Predict your next word: Courera Data Science Capstone Project

Sora
July 8, 2016

What is this?

This is an algorithm used to predict the next word base on users' text input.

It is the project from Coursera Data Science by Johns Hopkins University. A shiny application was built to test the accuracy of the algorithm.

We are using data sampled from Twitter, News and Blogs. Data from Twitter and News will compose about 80% of the sample, as the languages are more close to daily life conversation.

Methods and Models

The basic model is build N-gram directories. The main method is “In order to do it:

Step 1: clean the sample, (eg: remove numbers, non-English word, decapitalized, etc)

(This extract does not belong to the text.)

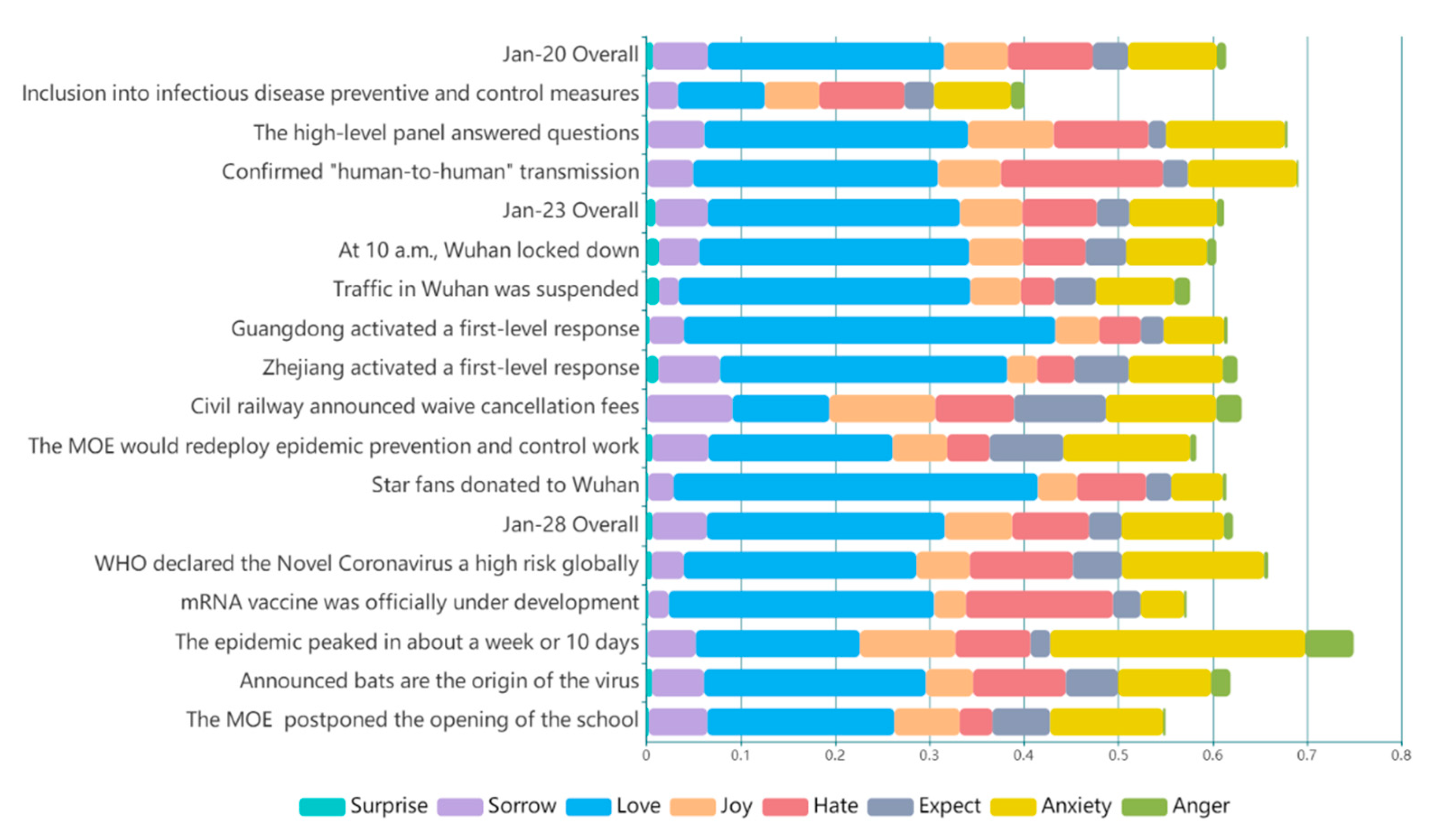Ijerph 18 04591 g010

Step 2: break the sample into 1 / 2 / 3 /4 -gram sets

Step 3: build a function which takes users' input and find matches in n-gram sets

Some Improvements

  1. When the algorithm can not find the next word based on the input, it will do a “downgrade” and search the word in the (n-1)-gram.

  2. If users type in inputs that are not contained in the sample sets, the input will be added into the corresponding n-gram dataset.

Check out the app

Important-please give the app a few seconds to search

How to use it:

First select the number of words that the input contains, next type in the inputs. The app will return with prediction of what the next word might be

Link: https://yoke.shinyapps.io/dscapp/